**Collection entries:**

++++

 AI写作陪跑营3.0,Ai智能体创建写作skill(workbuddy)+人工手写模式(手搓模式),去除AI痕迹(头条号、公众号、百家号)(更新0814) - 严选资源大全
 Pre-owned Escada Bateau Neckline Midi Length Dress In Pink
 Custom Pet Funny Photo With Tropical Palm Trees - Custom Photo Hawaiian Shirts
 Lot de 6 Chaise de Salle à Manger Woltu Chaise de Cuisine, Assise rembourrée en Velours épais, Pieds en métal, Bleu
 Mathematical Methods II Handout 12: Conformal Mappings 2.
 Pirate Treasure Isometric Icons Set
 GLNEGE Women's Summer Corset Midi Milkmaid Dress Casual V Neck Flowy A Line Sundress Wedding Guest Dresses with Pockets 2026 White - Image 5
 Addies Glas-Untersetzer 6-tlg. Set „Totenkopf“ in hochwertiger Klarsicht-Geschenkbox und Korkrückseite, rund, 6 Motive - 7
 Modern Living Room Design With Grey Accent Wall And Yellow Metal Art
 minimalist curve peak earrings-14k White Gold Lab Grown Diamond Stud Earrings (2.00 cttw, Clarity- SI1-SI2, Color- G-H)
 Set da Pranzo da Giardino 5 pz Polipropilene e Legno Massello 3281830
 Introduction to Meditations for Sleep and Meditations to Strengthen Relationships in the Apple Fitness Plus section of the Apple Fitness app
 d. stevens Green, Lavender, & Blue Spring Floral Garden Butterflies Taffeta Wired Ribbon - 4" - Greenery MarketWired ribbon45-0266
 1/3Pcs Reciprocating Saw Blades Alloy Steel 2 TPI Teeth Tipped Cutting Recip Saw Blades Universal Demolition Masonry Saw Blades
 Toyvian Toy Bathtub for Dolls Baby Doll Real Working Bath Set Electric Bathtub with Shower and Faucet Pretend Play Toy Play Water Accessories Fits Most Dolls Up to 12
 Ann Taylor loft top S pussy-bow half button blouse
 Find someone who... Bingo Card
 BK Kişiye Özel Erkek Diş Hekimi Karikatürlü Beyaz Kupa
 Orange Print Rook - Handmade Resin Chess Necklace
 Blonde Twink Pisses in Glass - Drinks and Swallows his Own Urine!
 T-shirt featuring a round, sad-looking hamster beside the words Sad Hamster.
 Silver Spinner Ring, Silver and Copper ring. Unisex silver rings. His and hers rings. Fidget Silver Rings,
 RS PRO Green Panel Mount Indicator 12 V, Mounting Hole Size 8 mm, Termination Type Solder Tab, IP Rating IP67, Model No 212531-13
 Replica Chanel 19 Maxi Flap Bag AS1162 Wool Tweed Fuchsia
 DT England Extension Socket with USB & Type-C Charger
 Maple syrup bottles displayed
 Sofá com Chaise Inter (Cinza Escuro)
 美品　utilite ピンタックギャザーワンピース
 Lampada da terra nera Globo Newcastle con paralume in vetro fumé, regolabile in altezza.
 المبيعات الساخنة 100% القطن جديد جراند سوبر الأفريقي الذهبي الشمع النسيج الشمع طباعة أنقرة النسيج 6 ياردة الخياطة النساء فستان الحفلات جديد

++++

The records above are to be transcribed exactly and completely.

 AI写作陪跑营3.0,Ai智能体创建写作skill(workbuddy)+人工手写模式(手搓模式),去除AI痕迹(头条号、公众号、百家号)(更新0814) - 严选资源大全
 Pre-owned Escada Bateau Neckline Midi Length Dress In Pink
 Custom Pet Funny Photo With Tropical Palm Trees - Custom Photo Hawaiian Shirts
 Lot de 6 Chaise de Salle à Manger Woltu Chaise de Cuisine, Assise rembourrée en Velours épais, Pieds en métal, Bleu
 Mathematical Methods II Handout 12: Conformal Mappings 2.
 Pirate Treasure Isometric Icons Set
 GLNEGE Women's Summer Corset Midi Milkmaid Dress Casual V Neck Flowy A Line Sundress Wedding Guest Dresses with Pockets 2026 White - Image 5
 Addies Glas-Untersetzer 6-tlg. Set „Totenkopf“ in hochwertiger Klarsicht-Geschenkbox und Korkrückseite, rund, 6 Motive - 7
 Modern Living Room Design With Grey Accent Wall And Yellow Metal Art
 minimalist curve peak earrings-14k White Gold Lab Grown Diamond Stud Earrings (2.00 cttw, Clarity- SI1-SI2, Color- G-H)
 Set da Pranzo da Giardino 5 pz Polipropilene e Legno Massello 3281830
 Introduction to Meditations for Sleep and Meditations to Strengthen Relationships in the Apple Fitness Plus section of the Apple Fitness app
 d. stevens Green, Lavender, & Blue Spring Floral Garden Butterflies Taffeta Wired Ribbon - 4" - Greenery MarketWired ribbon45-0266
 1/3Pcs Reciprocating Saw Blades Alloy Steel 2 TPI Teeth Tipped Cutting Recip Saw Blades Universal Demolition Masonry Saw Blades
 Toyvian Toy Bathtub for Dolls Baby Doll Real Working Bath Set Electric Bathtub with Shower and Faucet Pretend Play Toy Play Water Accessories Fits Most Dolls Up to 12
 Ann Taylor loft top S pussy-bow half button blouse
 Find someone who... Bingo Card
 BK Kişiye Özel Erkek Diş Hekimi Karikatürlü Beyaz Kupa
 Orange Print Rook - Handmade Resin Chess Necklace
 Blonde Twink Pisses in Glass - Drinks and Swallows his Own Urine!
 T-shirt featuring a round, sad-looking hamster beside the words Sad Hamster.
 Silver Spinner Ring, Silver and Copper ring. Unisex silver rings. His and hers rings. Fidget Silver Rings,
 RS PRO Green Panel Mount Indicator 12 V, Mounting Hole Size 8 mm, Termination Type Solder Tab, IP Rating IP67, Model No 212531-13
 Replica Chanel 19 Maxi Flap Bag AS1162 Wool Tweed Fuchsia
 DT England Extension Socket with USB & Type-C Charger
 Maple syrup bottles displayed
 Sofá com Chaise Inter (Cinza Escuro)
 美品　utilite ピンタックギャザーワンピース
 Lampada da terra nera Globo Newcastle con paralume in vetro fumé, regolabile in altezza.
 المبيعات الساخنة 100% القطن جديد جراند سوبر الأفريقي الذهبي الشمع النسيج الشمع طباعة أنقرة النسيج 6 ياردة الخياطة النساء فستان الحفلات جديد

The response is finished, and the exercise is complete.